[Exercise data]
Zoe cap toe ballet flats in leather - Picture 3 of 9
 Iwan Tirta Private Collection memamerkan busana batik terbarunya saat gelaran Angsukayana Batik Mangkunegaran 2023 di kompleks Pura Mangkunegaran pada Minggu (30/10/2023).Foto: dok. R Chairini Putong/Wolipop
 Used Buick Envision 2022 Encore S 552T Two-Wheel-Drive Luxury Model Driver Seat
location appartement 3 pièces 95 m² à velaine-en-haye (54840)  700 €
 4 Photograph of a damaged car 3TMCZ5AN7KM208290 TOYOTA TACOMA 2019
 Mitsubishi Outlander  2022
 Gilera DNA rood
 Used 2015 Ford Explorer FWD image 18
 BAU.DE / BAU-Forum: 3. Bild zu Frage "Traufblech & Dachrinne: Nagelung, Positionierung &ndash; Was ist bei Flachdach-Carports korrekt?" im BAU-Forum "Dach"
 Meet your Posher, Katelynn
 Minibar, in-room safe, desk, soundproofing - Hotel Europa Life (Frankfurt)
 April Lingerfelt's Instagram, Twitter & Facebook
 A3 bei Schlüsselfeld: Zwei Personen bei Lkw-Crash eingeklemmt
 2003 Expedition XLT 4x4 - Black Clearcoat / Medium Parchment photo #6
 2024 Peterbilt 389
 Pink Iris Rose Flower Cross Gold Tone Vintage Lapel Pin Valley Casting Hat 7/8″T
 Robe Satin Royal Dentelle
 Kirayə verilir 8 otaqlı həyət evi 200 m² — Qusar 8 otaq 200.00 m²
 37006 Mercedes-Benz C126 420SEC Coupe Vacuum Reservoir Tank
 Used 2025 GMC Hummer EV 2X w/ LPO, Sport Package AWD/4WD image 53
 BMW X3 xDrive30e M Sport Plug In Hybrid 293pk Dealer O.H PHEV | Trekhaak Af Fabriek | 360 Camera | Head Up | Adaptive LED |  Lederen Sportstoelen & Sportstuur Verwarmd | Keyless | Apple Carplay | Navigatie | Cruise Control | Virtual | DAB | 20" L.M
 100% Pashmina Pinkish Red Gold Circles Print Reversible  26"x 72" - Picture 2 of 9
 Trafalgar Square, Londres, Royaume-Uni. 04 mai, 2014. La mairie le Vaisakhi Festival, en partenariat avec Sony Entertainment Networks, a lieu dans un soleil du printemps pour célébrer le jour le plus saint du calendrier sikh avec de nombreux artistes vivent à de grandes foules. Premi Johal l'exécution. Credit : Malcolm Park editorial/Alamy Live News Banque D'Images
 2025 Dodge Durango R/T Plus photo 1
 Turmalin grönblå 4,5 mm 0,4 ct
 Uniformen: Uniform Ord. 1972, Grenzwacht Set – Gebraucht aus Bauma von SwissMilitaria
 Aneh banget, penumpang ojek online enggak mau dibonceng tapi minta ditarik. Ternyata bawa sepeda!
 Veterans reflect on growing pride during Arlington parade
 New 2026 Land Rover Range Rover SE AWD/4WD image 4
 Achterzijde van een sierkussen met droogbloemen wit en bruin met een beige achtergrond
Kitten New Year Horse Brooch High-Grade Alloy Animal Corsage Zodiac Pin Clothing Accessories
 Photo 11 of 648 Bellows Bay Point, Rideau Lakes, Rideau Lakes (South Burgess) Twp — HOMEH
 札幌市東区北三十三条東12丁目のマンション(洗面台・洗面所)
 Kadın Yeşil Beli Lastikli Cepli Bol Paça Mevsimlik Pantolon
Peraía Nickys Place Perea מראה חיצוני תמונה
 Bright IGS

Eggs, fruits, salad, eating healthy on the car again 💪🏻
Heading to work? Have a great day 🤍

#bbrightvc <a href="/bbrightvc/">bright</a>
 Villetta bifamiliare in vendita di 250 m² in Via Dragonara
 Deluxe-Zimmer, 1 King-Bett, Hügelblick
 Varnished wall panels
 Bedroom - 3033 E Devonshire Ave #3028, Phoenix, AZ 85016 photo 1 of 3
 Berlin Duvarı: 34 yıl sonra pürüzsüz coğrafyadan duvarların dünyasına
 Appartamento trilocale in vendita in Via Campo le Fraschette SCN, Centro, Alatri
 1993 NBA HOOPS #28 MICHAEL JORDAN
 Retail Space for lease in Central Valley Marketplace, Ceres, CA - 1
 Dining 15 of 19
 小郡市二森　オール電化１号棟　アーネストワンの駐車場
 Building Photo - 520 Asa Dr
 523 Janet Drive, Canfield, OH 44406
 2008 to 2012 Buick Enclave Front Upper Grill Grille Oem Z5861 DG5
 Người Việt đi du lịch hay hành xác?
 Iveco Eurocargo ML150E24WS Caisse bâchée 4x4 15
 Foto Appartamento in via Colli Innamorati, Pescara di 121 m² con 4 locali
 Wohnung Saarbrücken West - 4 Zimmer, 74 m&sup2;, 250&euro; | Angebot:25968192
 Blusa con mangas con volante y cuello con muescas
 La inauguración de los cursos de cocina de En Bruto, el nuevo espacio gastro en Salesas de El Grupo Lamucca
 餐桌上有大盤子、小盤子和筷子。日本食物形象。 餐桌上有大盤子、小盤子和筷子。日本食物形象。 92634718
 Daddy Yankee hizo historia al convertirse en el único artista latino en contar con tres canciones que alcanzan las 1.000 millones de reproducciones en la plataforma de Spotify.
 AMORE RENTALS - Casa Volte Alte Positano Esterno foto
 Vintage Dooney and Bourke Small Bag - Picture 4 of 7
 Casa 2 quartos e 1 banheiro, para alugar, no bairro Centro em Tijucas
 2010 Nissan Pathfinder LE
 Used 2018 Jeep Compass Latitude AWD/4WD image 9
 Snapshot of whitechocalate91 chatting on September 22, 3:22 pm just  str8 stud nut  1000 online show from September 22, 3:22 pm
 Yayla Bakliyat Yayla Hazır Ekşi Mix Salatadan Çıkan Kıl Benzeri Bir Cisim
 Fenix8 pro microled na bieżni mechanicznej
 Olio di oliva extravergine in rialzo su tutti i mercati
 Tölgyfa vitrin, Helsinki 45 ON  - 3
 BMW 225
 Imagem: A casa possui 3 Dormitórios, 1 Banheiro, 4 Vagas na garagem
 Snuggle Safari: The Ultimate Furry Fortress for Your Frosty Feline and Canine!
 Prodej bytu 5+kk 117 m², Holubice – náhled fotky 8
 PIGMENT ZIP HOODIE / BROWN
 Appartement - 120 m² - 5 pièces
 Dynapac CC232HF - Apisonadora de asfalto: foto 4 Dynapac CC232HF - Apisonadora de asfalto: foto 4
[/Exercise data]
### Problem to solve
Go through the lines above and tally those with the string "online". The total is all that is needed.

### Expected output
2